The example shows the previous stage promoting the infrastructure code artifact and triggering the current stage. The pipeline executes the current stage, which runs the infrastructure tool to apply the code to the relevant environment. The pipeline service normally runs the infrastructure tool on an agent, such as a server or container instance. If the current stage completes successfully, it promotes the build to the next stage of the pipeline.
Many teams prefer running infrastructure deployments from the pipeline to keep the visibility and troubleshooting of the process in one place. This particularly makes sense when a single team is responsible for both the workflow and deployment of infrastructure. When the ownership is split, such as when one team provides infrastructure that another team configures and deploys, it can make sense to separate the workflow from the deployment by using a separate deployment service.

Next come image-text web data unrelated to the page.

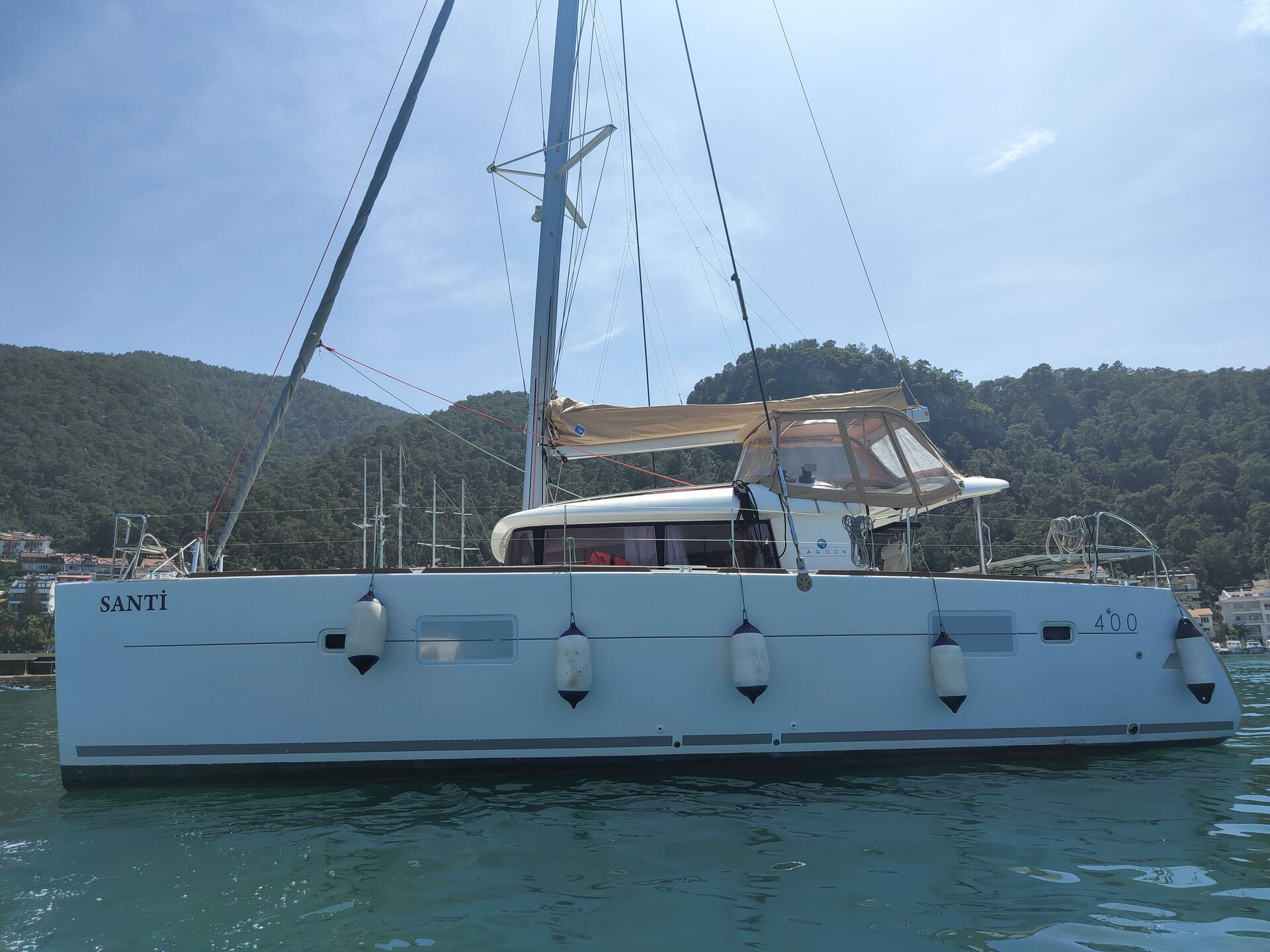 Lagoon 400 van One Yacht Charter in Fethiye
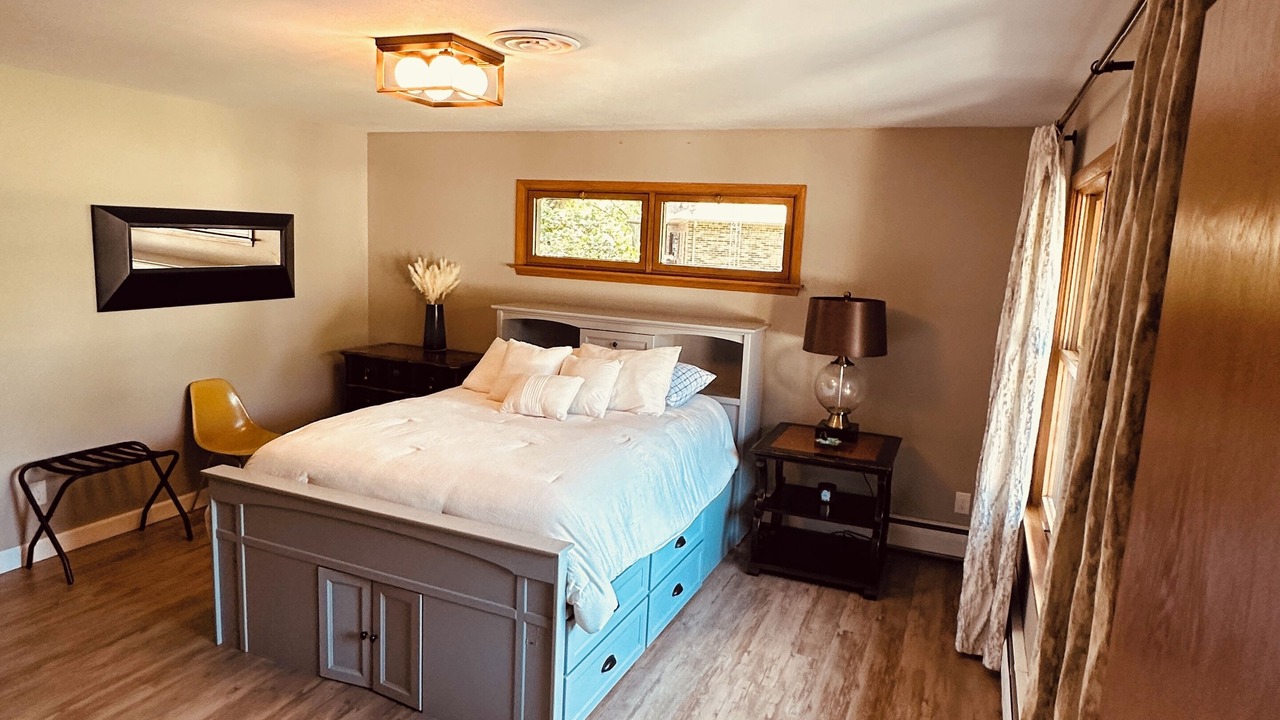 Photo of Bedroom in Black Wolf
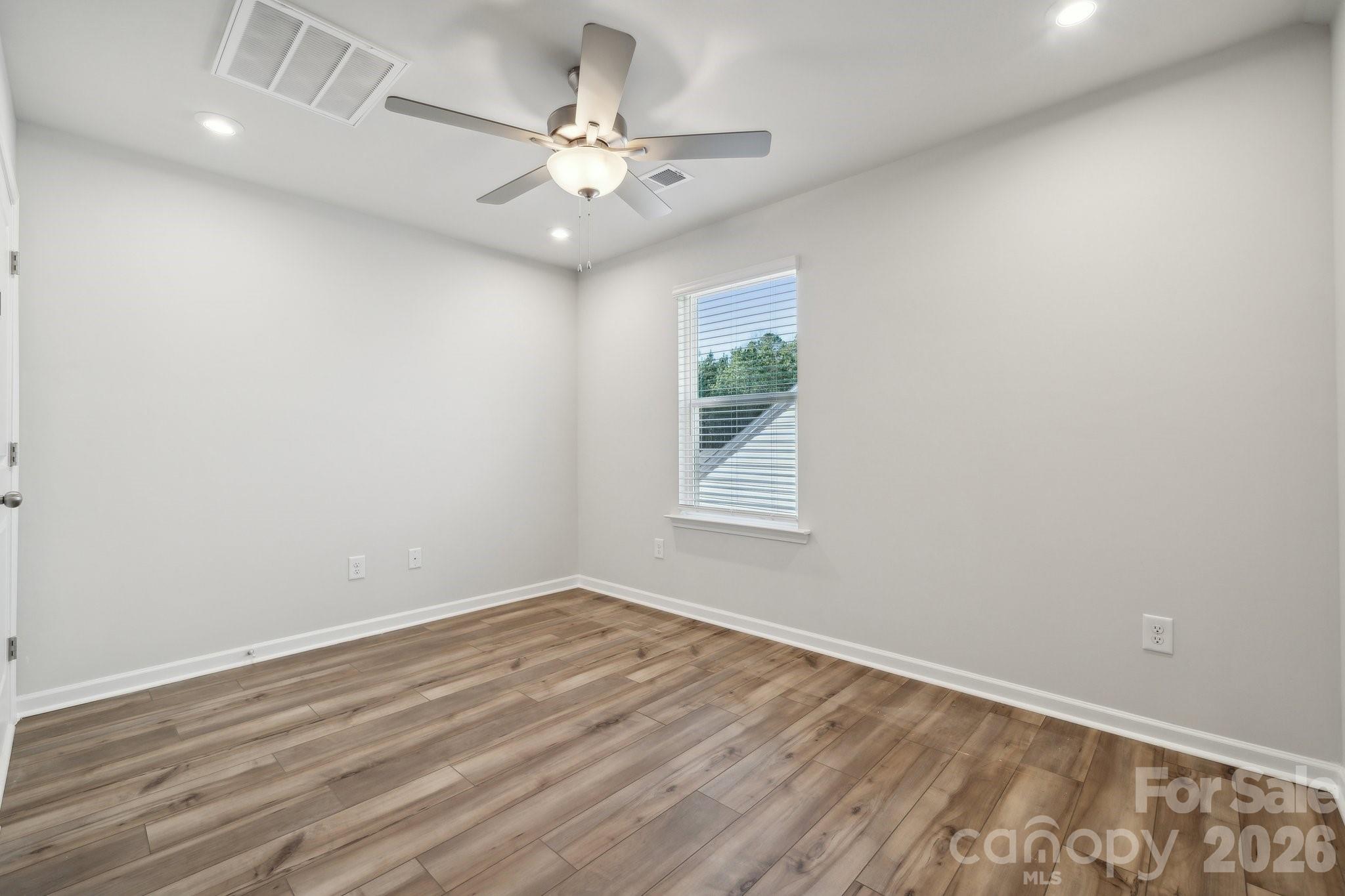 Clairmont - Residential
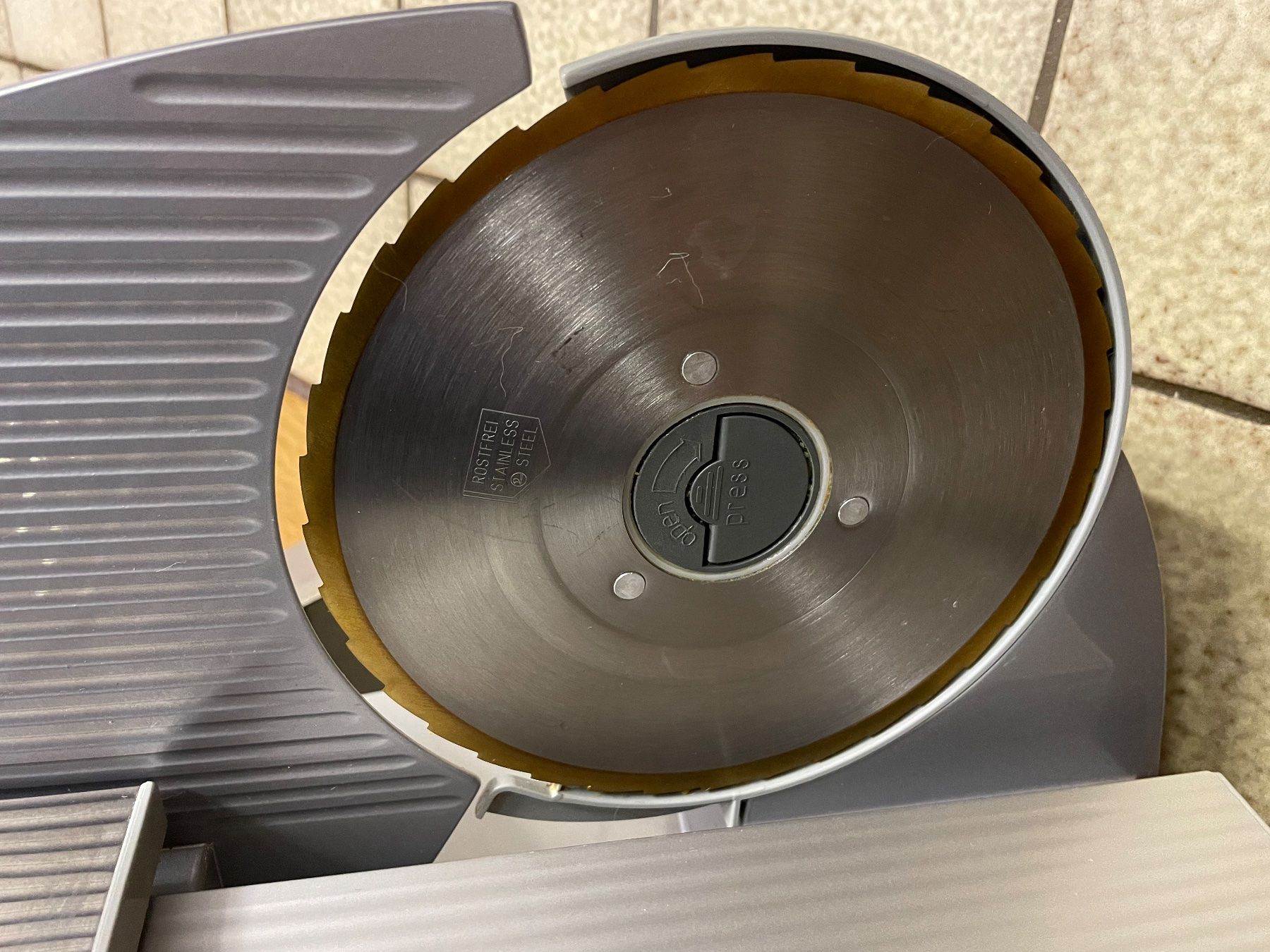 Turmix Elettrodomestici da cucina: Aufschnittmaschiene Turmix – Usato da Hagenwil venduto da Sarina07 1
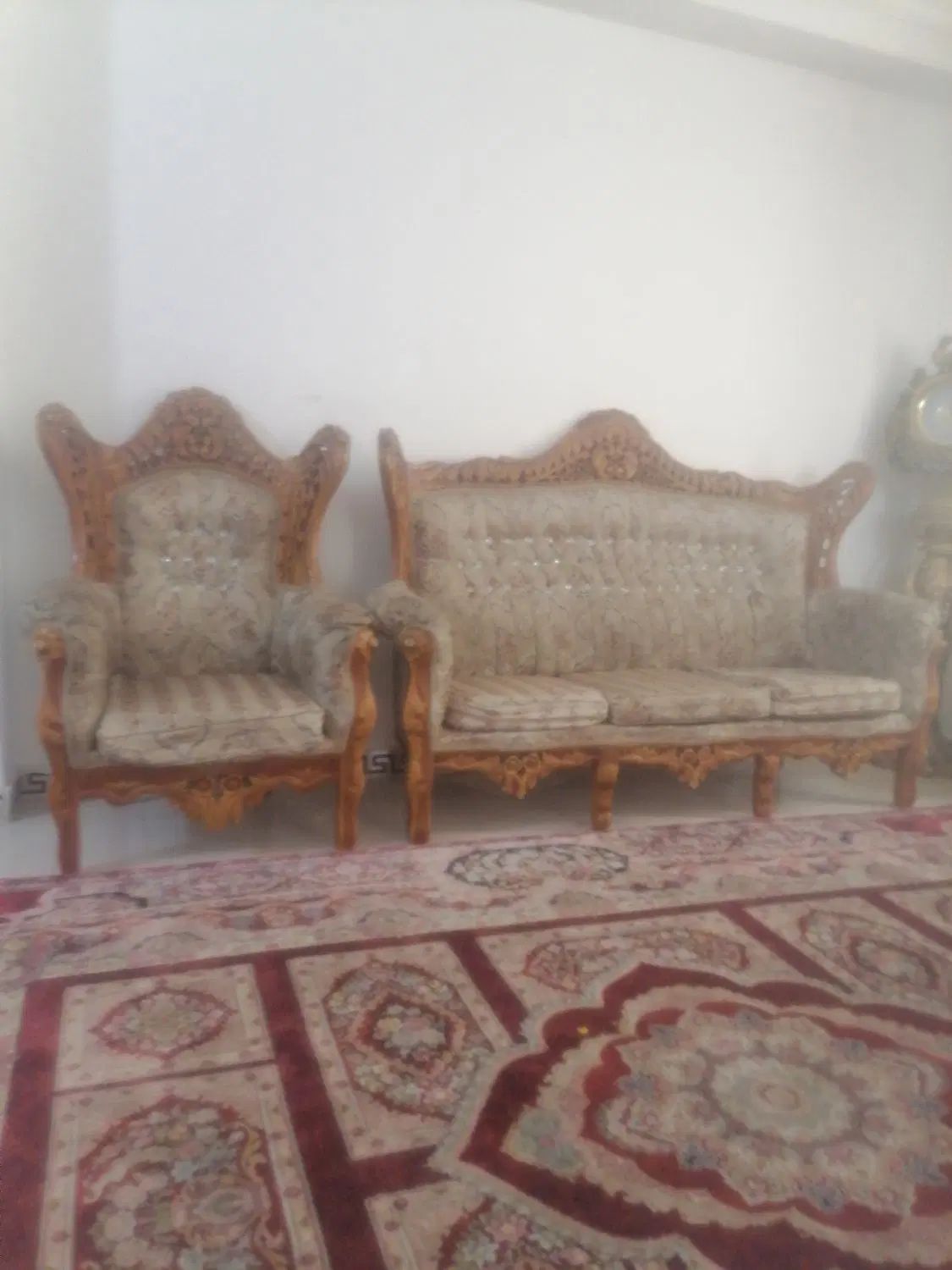 مبل سلطنتی 7 نفره به همراه میز نهار خوری 3 نفره|مبلمان خانگی و میز عسلی|هشتگرد, فاز ۷ مهستان|دیوار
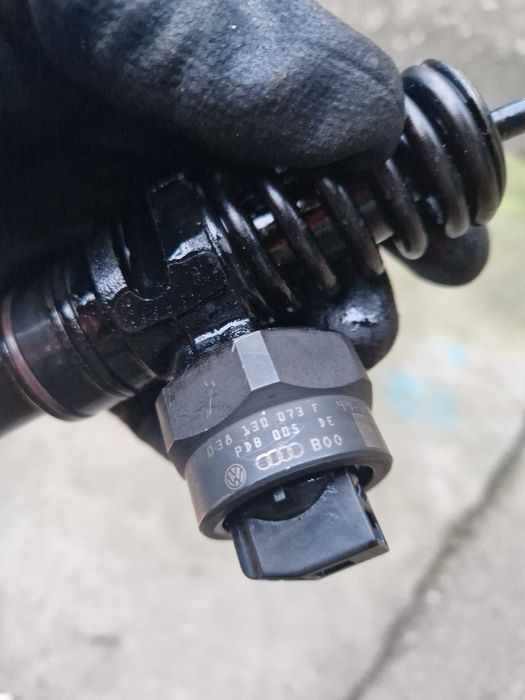 Vand injectoare VW passat , AudiSeatSkoda 1.9 tdi 038130073F AJM,115cp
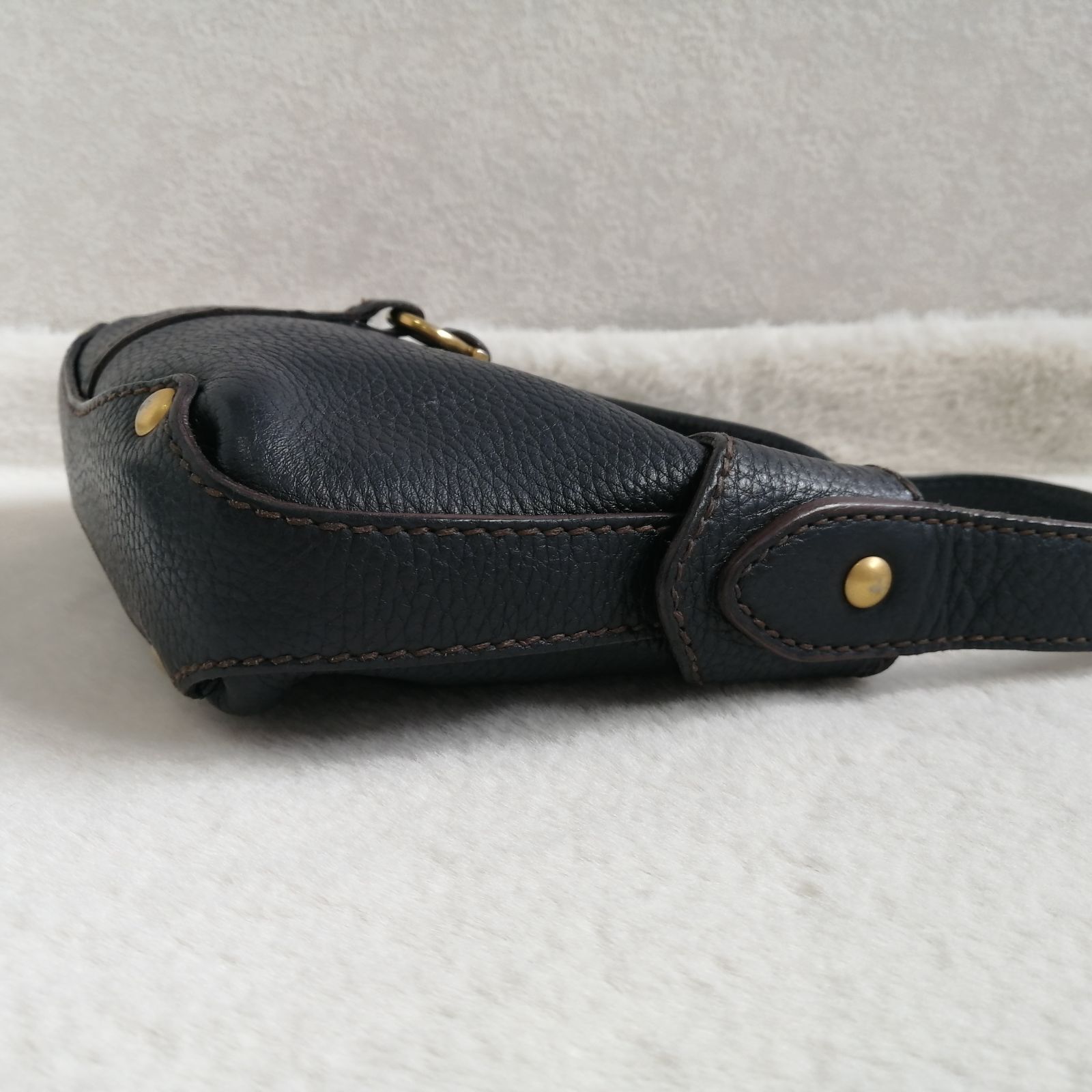 【美品】サルヴァトーレフェラガモ ポーチ レザー ガンチーニ ゴールド金具 黒 フェラガモ ガンチーニ ポーチ コスメ レザー ゴールド金具 黒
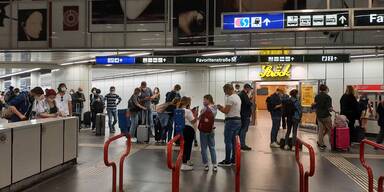 Reise-Ansturm: Mega-Schlangen vor Zugschaltern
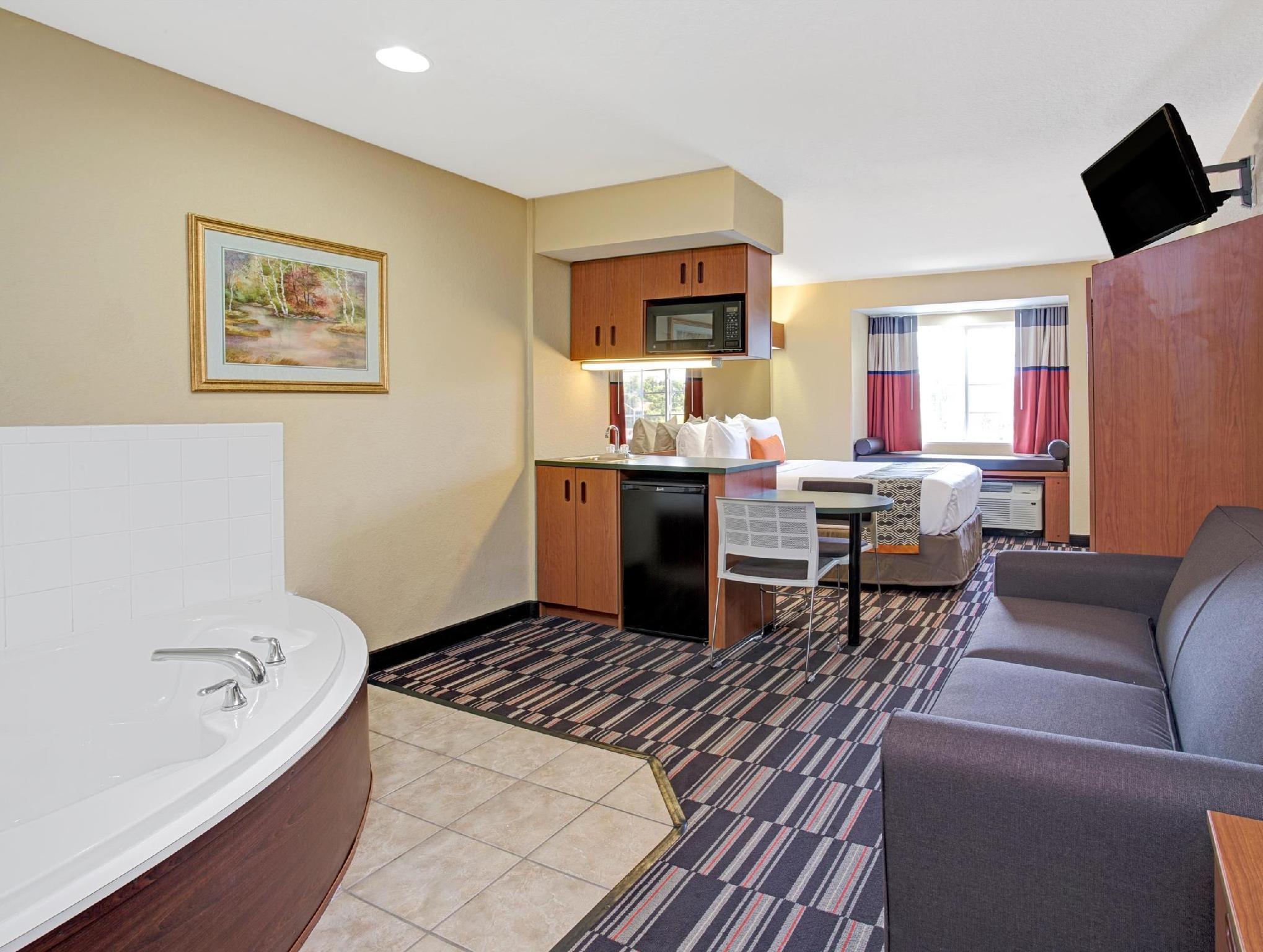 Microtel Inn & Suites By Wyndham Bushnell Ngoại thất bức ảnh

Some vendors and open source projects provide specialized software or services for deploying infrastructure code. Some of these also implement a pipeline service that progresses builds across stages. Other solutions handle only the infrastructure code deployment and can be combined with a deployment pipeline, as shown in Figure 19-10.
This example shows the same pipeline stages and environments from the previous example, where the pipeline deploys the infrastructure code. However, in this case the delivery pipeline only manages the progression of the code from one stage to the next. Again, progression may be implemented as a version number, repository tag, or source code branch.
A deployment service normally has a server or pool of nodes that runs the infrastructure tool, downloading or checking out the relevant build the same way I described for running deployments from a pipeline.
Many Infrastructure as Code tool vendors offer hosted deployment services, including Pulumi Cloud and HCP Terraform, usually as part of a suite of services.
Some IaaS cloud vendors also have services to run infrastructure code. The AWS Service Catalog supports both CloudFormation and Terraform. Google Cloud Infrastructure Manager and Oracle Cloud Infrastructure Resource Manager both support Terraform.
Some third-party vendors provide solutions that work with multiple Infrastructure as Code tools, such as env0, Garden, and Spacelift.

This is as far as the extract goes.